Word for word, give the data again without its pictures.

* _The data_:
--------------------------------------------------

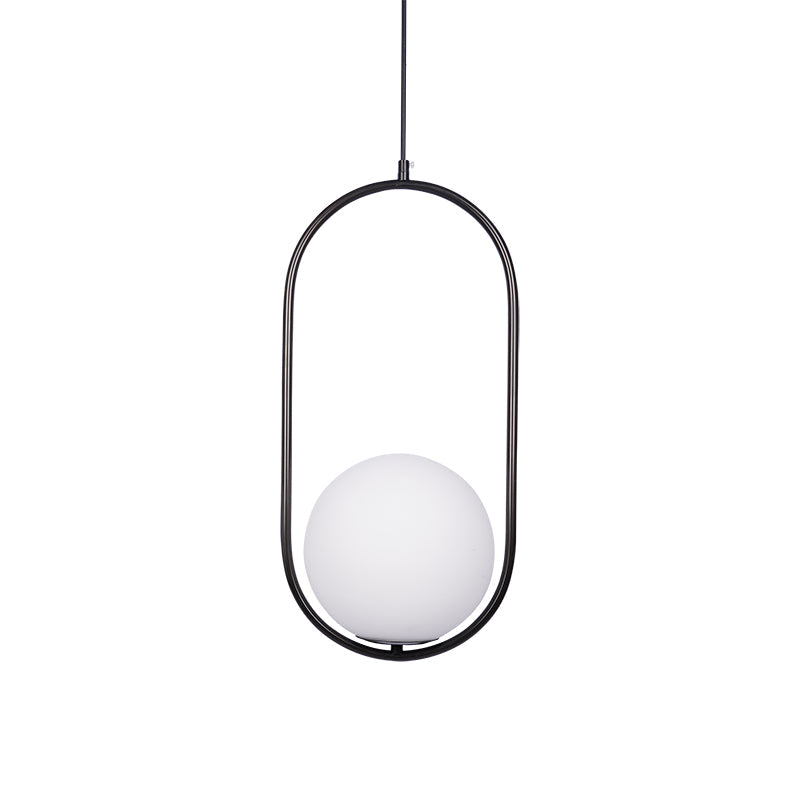 Lustra Suspension Anneau Moderne en Laiton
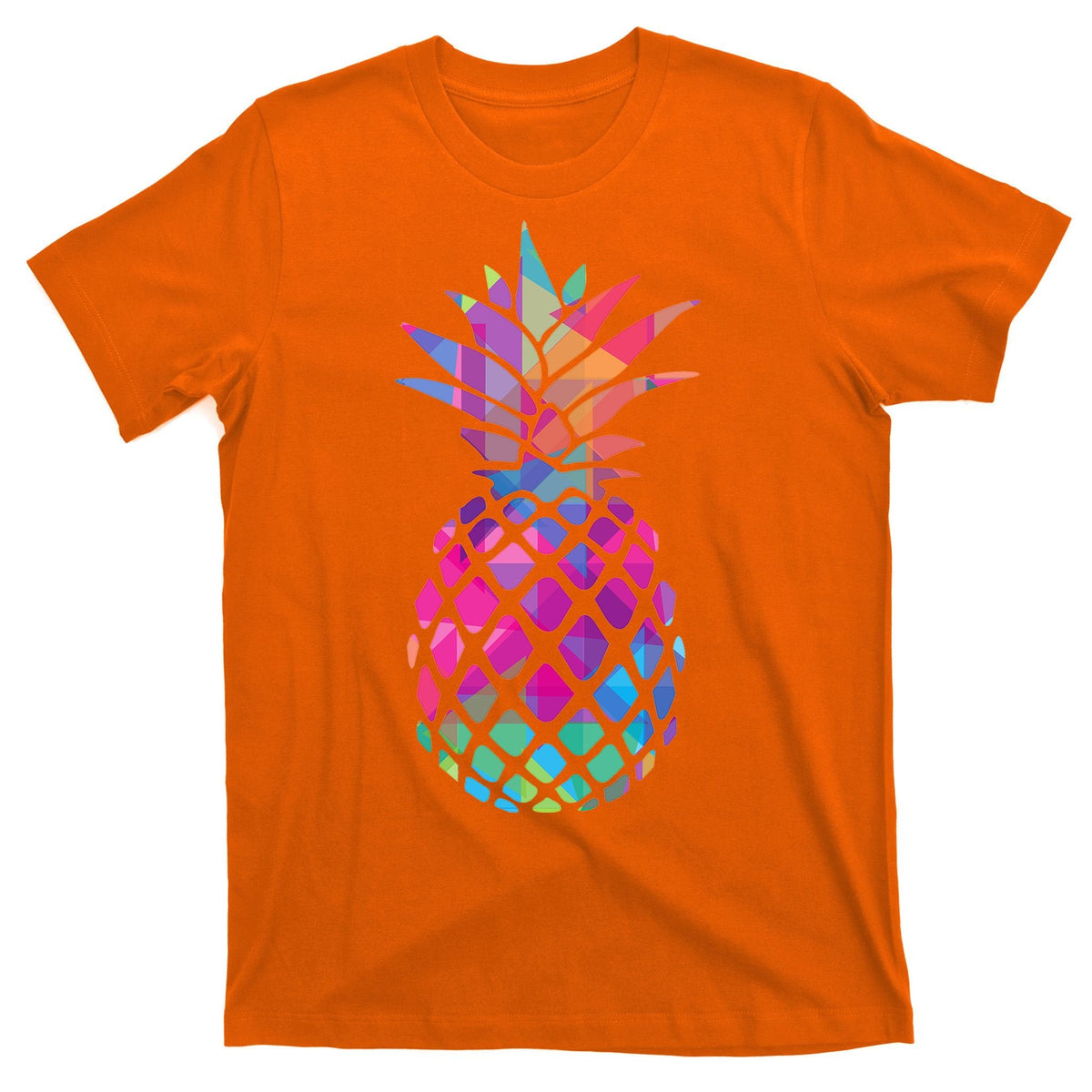 Colorful Simple Pineapple T-Shirt product image 5
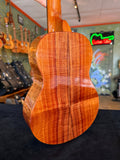 KoAloha Special Issue 6-String Tenor CURLY KOA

--------------------------------------------------

* _Exercise answer_:
 Lustra Suspension Anneau Moderne en Laiton
 Colorful Simple Pineapple T-Shirt product image 5
 KoAloha Special Issue 6-String Tenor CURLY KOA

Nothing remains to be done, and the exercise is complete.